== Segment start ==

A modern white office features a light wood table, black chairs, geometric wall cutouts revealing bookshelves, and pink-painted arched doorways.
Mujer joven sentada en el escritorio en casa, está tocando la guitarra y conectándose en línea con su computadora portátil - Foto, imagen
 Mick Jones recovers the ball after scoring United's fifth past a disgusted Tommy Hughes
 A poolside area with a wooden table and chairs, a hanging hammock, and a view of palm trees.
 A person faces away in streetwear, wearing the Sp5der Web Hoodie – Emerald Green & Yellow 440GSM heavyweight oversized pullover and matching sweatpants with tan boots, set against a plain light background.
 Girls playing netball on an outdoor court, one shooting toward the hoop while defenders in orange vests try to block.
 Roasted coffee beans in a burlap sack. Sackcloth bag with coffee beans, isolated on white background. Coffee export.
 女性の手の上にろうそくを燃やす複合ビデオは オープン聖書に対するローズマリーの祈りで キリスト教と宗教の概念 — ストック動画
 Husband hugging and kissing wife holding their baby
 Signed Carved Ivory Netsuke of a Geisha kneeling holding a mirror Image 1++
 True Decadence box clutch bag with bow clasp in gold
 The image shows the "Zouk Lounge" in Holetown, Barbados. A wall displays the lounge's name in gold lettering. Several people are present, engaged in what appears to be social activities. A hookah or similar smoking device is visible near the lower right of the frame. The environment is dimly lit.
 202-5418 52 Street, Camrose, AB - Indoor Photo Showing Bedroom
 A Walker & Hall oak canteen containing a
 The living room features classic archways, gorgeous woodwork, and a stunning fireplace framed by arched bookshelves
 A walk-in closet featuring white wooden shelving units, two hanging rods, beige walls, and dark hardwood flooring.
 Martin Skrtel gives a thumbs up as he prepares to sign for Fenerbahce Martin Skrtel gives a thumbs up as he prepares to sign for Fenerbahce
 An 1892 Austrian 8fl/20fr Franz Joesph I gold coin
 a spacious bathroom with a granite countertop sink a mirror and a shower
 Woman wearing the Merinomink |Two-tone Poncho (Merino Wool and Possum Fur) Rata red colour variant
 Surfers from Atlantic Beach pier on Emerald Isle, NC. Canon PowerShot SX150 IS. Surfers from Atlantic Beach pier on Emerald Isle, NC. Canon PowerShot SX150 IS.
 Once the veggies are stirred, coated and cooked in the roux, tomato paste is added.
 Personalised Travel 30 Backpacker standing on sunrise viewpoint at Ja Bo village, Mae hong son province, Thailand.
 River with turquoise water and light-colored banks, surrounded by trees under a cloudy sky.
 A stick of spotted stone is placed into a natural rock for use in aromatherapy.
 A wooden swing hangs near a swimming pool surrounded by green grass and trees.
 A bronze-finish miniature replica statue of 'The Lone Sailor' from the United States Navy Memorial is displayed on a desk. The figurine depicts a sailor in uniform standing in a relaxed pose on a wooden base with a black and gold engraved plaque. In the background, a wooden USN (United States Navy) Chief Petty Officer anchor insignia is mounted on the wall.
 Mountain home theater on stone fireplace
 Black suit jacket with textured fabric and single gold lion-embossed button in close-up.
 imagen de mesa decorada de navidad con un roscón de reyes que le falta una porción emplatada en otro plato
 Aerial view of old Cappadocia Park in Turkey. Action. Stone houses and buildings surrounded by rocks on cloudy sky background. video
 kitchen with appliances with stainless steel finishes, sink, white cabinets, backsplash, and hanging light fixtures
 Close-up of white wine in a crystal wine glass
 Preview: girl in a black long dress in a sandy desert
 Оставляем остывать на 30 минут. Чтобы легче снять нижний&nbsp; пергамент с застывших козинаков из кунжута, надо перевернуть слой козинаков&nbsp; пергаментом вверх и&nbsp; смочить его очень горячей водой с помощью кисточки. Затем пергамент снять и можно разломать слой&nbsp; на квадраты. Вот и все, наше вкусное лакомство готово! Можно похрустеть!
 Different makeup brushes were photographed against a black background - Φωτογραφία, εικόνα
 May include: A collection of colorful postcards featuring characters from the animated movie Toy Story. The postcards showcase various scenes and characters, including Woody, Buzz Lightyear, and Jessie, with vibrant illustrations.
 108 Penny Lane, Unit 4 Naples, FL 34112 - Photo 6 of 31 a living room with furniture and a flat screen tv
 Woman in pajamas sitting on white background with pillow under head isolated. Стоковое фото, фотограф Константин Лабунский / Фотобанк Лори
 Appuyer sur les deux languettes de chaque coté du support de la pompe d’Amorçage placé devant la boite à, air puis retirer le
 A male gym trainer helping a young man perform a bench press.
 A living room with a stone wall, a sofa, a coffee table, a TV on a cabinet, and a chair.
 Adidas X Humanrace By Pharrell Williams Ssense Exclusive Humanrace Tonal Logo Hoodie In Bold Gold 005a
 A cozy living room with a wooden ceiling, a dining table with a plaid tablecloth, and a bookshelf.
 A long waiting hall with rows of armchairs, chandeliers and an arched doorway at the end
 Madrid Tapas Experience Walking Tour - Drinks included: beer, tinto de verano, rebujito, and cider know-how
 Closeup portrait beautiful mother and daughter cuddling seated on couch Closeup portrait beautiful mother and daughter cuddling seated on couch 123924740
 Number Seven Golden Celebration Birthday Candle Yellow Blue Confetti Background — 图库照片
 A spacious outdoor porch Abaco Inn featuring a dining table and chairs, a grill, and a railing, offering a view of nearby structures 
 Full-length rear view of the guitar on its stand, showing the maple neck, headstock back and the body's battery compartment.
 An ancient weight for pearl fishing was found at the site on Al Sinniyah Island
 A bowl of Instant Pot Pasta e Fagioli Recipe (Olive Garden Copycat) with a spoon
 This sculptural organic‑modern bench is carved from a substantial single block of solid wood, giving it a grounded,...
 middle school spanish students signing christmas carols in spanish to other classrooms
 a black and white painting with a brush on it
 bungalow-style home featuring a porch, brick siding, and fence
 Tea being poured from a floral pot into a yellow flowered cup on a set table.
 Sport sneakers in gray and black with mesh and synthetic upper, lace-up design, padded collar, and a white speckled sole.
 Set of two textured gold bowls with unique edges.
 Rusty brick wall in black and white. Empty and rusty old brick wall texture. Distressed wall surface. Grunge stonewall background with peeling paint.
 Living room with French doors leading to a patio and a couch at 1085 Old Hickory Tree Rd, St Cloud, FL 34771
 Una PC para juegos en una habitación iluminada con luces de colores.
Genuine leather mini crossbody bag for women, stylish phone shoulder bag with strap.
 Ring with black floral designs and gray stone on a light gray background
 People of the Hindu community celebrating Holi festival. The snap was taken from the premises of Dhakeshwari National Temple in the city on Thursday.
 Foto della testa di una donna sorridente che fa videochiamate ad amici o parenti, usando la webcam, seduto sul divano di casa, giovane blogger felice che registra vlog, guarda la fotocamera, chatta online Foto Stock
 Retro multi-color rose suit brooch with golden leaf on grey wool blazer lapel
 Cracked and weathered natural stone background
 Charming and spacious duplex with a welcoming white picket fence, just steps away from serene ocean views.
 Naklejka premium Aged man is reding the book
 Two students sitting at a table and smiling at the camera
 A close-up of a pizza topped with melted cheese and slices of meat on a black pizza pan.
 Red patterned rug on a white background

== Segment end ==

**TASK PROMPT:**
Scan the listing above and work out how many lines contain the string "coffee"; reply with only that number.

**SOLUTION TO THIS PROBLEM:**
2